Collected data entries

******

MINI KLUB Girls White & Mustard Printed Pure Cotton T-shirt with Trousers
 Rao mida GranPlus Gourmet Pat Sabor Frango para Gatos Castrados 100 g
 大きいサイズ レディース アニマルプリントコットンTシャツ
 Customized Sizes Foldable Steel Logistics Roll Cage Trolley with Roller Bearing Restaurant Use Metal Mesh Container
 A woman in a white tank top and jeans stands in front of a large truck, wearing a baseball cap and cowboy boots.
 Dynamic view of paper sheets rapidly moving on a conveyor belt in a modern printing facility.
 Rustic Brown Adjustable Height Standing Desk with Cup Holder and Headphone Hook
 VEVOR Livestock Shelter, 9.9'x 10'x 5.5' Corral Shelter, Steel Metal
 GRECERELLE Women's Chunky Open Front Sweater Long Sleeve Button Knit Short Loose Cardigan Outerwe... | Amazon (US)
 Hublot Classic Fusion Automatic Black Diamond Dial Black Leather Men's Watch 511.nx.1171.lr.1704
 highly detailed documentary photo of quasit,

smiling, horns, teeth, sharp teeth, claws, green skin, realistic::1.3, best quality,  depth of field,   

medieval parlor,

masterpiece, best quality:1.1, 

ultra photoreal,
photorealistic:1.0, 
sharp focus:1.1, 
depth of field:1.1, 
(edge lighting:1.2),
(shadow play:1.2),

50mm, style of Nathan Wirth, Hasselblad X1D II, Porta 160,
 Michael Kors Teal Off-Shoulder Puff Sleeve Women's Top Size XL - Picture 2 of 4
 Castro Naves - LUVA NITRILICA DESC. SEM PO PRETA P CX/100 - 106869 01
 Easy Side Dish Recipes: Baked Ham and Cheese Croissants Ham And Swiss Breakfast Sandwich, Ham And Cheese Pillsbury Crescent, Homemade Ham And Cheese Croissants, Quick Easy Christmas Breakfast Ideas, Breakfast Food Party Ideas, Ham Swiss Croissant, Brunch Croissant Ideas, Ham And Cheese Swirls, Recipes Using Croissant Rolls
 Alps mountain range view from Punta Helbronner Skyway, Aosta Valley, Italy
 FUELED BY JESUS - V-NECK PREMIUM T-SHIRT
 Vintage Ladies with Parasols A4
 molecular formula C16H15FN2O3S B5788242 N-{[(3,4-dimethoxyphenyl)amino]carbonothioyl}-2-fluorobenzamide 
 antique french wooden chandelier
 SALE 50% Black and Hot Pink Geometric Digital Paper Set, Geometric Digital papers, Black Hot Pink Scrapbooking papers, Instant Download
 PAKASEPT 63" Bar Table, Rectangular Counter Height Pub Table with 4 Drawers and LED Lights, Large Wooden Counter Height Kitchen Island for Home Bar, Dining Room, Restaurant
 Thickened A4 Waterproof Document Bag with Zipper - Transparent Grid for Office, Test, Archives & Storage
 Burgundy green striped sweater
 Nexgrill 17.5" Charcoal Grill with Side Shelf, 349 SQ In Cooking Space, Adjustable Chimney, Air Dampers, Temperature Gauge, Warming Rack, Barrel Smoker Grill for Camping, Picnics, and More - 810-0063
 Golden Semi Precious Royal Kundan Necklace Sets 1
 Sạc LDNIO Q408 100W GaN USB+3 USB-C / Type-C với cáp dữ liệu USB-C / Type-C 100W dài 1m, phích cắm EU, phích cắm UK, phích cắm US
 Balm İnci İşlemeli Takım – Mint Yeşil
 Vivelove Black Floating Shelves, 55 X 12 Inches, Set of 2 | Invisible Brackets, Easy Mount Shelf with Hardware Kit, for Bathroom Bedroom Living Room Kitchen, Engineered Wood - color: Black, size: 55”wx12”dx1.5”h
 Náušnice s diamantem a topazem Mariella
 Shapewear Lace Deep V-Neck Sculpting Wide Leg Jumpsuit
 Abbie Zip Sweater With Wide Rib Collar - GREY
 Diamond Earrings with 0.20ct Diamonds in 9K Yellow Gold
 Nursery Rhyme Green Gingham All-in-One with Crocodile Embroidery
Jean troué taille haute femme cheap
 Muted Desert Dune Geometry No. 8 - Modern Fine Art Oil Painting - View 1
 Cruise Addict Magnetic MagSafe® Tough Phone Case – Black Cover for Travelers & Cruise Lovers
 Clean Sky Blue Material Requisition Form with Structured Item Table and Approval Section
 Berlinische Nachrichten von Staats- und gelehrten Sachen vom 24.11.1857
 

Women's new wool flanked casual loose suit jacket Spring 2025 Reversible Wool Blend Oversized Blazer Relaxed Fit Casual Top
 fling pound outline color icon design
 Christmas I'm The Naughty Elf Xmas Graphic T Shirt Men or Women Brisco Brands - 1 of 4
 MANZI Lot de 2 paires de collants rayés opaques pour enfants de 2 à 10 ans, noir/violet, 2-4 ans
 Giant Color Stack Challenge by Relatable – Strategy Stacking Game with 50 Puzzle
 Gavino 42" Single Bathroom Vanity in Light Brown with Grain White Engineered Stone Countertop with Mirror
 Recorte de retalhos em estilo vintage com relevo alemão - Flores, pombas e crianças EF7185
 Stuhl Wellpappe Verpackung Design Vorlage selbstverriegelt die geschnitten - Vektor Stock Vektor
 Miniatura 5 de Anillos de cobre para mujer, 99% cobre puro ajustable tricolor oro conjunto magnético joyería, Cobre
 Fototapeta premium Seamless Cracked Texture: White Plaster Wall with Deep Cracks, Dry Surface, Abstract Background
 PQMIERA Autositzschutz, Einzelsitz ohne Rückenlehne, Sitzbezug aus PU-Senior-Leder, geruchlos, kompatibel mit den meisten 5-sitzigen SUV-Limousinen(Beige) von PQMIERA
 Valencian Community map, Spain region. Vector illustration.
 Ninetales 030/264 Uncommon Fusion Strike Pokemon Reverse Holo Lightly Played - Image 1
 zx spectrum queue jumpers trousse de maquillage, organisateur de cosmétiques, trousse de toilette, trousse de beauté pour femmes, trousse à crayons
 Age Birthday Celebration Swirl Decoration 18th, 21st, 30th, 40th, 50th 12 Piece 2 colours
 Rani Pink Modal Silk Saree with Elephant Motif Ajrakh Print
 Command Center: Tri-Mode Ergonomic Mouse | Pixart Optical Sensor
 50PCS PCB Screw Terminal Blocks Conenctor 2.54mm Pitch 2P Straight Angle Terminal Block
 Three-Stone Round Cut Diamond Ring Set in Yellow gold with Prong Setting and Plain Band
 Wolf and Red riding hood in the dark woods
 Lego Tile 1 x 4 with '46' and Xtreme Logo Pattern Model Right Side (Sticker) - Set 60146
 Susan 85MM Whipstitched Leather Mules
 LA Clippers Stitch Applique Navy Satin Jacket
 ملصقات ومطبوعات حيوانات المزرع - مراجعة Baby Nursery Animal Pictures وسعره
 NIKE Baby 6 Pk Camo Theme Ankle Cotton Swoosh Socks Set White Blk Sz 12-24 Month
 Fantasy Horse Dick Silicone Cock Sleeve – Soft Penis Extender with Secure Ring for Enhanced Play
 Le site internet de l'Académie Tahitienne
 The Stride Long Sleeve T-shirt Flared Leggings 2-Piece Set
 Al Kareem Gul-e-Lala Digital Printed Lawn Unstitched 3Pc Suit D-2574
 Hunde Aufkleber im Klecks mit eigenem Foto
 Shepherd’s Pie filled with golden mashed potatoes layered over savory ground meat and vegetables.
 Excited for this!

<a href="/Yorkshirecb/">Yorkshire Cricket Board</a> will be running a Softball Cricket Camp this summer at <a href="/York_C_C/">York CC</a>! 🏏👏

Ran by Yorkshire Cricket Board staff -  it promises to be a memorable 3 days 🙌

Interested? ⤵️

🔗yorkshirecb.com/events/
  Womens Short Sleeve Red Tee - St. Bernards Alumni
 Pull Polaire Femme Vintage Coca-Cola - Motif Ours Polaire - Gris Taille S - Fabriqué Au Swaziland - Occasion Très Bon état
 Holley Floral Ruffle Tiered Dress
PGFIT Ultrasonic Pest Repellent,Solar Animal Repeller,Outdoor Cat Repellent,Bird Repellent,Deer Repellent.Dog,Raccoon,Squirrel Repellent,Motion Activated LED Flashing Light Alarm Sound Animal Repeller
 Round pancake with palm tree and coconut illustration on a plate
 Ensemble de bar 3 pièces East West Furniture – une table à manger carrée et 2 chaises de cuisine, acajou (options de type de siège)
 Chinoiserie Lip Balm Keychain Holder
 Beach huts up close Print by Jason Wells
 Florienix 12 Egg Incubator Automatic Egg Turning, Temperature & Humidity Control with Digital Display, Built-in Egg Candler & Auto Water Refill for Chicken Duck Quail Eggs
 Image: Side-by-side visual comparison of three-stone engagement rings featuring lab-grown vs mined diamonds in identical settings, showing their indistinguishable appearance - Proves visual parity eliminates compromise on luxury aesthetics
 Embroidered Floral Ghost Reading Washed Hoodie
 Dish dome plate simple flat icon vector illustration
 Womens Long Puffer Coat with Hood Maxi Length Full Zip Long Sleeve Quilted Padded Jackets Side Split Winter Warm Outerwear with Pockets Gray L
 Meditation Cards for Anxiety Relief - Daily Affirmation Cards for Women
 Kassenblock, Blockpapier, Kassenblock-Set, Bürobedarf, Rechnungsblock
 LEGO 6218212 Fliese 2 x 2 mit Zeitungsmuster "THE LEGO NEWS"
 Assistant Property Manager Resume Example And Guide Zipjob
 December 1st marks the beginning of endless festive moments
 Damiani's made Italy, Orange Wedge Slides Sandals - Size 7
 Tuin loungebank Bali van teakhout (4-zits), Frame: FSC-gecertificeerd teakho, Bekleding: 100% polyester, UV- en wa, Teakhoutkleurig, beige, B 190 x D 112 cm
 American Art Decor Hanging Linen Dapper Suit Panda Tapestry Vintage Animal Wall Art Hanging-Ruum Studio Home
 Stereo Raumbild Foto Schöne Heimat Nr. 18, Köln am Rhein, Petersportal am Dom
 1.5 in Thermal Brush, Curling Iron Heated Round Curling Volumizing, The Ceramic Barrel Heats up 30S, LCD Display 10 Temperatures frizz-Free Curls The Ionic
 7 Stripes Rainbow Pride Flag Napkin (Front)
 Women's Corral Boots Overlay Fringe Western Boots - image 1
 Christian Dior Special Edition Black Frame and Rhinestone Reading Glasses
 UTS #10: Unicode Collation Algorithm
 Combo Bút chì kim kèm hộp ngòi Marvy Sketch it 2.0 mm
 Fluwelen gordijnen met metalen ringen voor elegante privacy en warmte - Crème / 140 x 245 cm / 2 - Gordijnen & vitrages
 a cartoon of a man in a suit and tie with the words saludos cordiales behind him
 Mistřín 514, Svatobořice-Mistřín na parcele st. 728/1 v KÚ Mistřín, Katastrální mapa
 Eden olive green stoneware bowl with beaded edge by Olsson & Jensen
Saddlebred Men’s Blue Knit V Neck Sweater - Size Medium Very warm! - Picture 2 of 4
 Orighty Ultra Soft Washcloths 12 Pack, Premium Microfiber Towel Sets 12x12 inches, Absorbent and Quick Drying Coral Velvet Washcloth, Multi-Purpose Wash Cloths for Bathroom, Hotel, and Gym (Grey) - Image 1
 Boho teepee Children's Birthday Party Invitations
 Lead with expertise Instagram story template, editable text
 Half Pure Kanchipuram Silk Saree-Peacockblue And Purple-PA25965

******

From the entries above, write out only the lines starting at the line that holds "1.5 in Thermal" and ending at the line that holds "Fluwelen gordijnen met", keeping both and matching them exactly.

 1.5 in Thermal Brush, Curling Iron Heated Round Curling Volumizing, The Ceramic Barrel Heats up 30S, LCD Display 10 Temperatures frizz-Free Curls The Ionic
 7 Stripes Rainbow Pride Flag Napkin (Front)
 Women's Corral Boots Overlay Fringe Western Boots - image 1
 Christian Dior Special Edition Black Frame and Rhinestone Reading Glasses
 UTS #10: Unicode Collation Algorithm
 Combo Bút chì kim kèm hộp ngòi Marvy Sketch it 2.0 mm
 Fluwelen gordijnen met metalen ringen voor elegante privacy en warmte - Crème / 140 x 245 cm / 2 - Gordijnen & vitrages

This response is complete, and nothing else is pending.